Além da gestão da política internacional do período, o Barão também é conhecido por ser o grande responsável pela compra do território do Acre da Bolívia pelo Brasil no valor de dois milhões de libras esterlinas por meio do Tratado de Petrópolis firmado em 1903. A maioria dos estudiosos e historiadores do período aclamam em uníssono a compra do Acre como o feito glorioso do Barão, quando, na verdade, seu maior feito foi a desarticulação do Congo Belga que o Imperador Leopoldo II estabeleceu no Pantanal. No final do Império, Leopoldo II havia comprado na região de Cáceres, Mato Grosso, uma grande propriedade chamada Colônia dos Descalvados que contava com milhares cabeças de gado que eram exportadas para a Europa. Após a exportação de gado, houve grande ambição também no setor da borracha. Houve prosperidade a partir do alinhamento belga com os americanos na região em questão. Nesse cenário, o representante do Brasil em Washington à época, Joaquim Francisco Assis Brasil, afirmava aos americanos que a empreitada belga era na realidade uma violação da Doutrina Monroe uma vez que houve a tentativa por parte dos belgas de estabelecer uma colônia africana no Brasil. Os americanos ao tratar do assunto com o Barão indicavam a retirada de empresas americanas da região caso houvesse prejuízo. O Barão do Rio Branco sabidamente pediu empréstimos aos Rothschild para comprar ações da empresa americana que acabou se retirando posteriormente. E, ainda, no período houve invasões dos seringueiros que chegavam à região para roubar o gado da região de Cáceres – que contribuíram, sem dúvida, para o fracasso belga na região, sendo restabelecido assim, após a morte de Leopoldo II, a autonomia da região pelo Brasil.

Nesse sentido, o Brasil esteve no centro do debate na condução da política externa pelo Barão em relação às questões da soberania nacional e integridade territorial,  da ordem econômica, de garantia de novos mercados como também da questão geopolítica – na busca de maior protagonismo regional e projeção global ao alinhar-se com os norte–americanos –, no que ficou conhecido como “alinhamento pragmático” pelos historiadores e especialistas.

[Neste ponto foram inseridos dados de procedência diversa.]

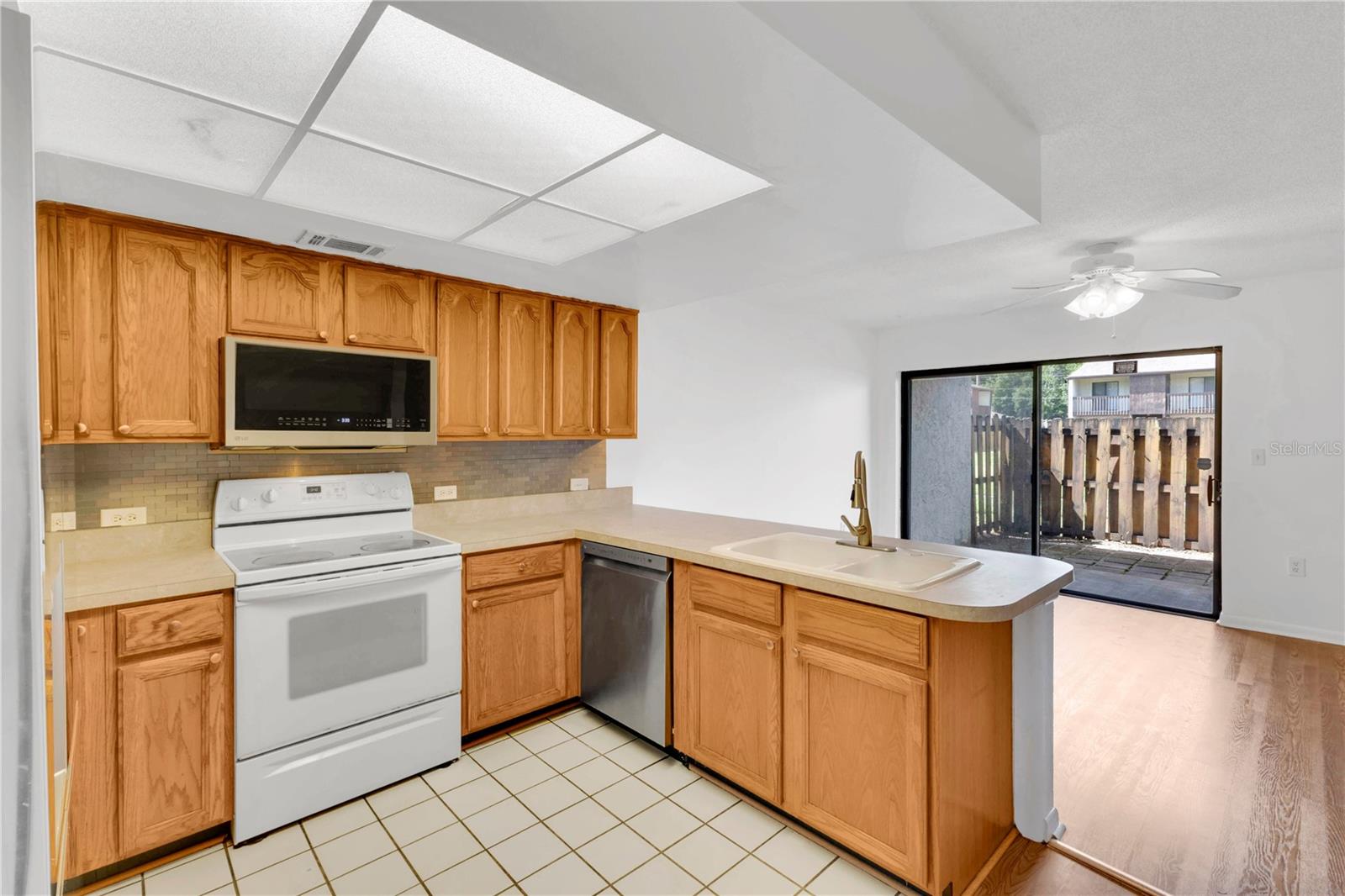 WINDSOR PINES 1 CONDO - Residential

No período da Primeira República, a gestão Rio Branco se destaca pela condução da história diplomática brasileira a partir da delimitação de limites e configuração territorial do Brasil como conhecemos hoje, como também no seu papel proeminente da defesa territorial contra a influência e domínio regional por potências estrangeiras e a mudança no eixo de alinhamento da política externa de Londres a Washington.

As opiniões expressas neste artigo são de responsabilidade exclusiva do autor, não refletindo necessariamente a opinião institucional do Ágora Perene.